Task prompt →
Output everything in the listing exactly, with no line missing.

Entries shown →

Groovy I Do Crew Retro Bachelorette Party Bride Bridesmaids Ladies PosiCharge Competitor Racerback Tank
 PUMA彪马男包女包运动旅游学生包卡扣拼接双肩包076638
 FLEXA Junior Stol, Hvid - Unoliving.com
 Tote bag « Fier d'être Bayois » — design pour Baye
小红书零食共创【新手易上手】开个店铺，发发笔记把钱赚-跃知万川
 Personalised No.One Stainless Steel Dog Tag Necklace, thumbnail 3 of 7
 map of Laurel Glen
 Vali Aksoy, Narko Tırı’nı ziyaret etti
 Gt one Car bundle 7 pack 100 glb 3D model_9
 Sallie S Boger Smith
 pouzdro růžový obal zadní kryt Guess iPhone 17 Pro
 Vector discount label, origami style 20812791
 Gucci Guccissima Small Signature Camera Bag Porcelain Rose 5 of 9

Response to the task →
Groovy I Do Crew Retro Bachelorette Party Bride Bridesmaids Ladies PosiCharge Competitor Racerback Tank
 PUMA彪马男包女包运动旅游学生包卡扣拼接双肩包076638
 FLEXA Junior Stol, Hvid - Unoliving.com
 Tote bag « Fier d'être Bayois » — design pour Baye
小红书零食共创【新手易上手】开个店铺，发发笔记把钱赚-跃知万川
 Personalised No.One Stainless Steel Dog Tag Necklace, thumbnail 3 of 7
 map of Laurel Glen
 Vali Aksoy, Narko Tırı’nı ziyaret etti
 Gt one Car bundle 7 pack 100 glb 3D model_9
 Sallie S Boger Smith
 pouzdro růžový obal zadní kryt Guess iPhone 17 Pro
 Vector discount label, origami style 20812791
 Gucci Guccissima Small Signature Camera Bag Porcelain Rose 5 of 9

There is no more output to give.